How much is PHP susceptible to buffer Overflow attacks

You are viewing this site as a guest. Join our community to get your questions answered and share knowledge. Active members may advertise and ask for a website critique.

benf posted this at 15:02 — 7th July 2008.

They have: 317 posts

Joined: Feb 2005

I have heard that PHP is susceptible to buffer overflow attacks - is this true or is it due to unsecure php versions?

Would the latest PHP 5 version be susceptible to this type of attack?

Web Programming and Application Development

Greg K posted this at 15:22 — 7th July 2008.

He has: 1,664 posts

Joined: Nov 2003

This areticle was released recently: http://www.frsirt.com/english/advisories/2008/1412

A little older, and says to fix upgrade to a newer version: http://secunia.com/advisories/22653/

Older article, but from http://www.linuxdevcenter.com/pub/a/linux/2002/12/30/insecurities.html

PHP's wordwrap() function has a buffer overflow that may be exploitable to execute arbitrary code with the permissions of the user running the script. The buffer overflow is reported to affect versions of PHP between 4.1.2 and 4.3.0. Scripts that do not contain the wordwrap() function call are not affected by this buffer overflow.
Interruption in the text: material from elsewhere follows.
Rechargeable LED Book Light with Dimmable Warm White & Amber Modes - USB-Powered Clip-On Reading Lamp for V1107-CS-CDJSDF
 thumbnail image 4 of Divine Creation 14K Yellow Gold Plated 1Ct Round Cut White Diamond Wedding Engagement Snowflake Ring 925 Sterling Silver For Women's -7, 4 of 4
Affected users should upgrade to version 4.3.0 of PHP.

-Greg

[This space intentionally left blank]

Cool Geek Supplies: www.ThinkGeek.com

benf posted this at 15:47 — 7th July 2008.

They have: 317 posts

Joined: Feb 2005

Your link does not work - so it is just version? PHP5 does not have any of these flaws.

Very Good.

Greg K posted this at 16:16 — 7th July 2008.

He has: 1,664 posts

Joined: Nov 2003

The there was one in an older version of 5, but it said to upgrade to 5.20 to fix it.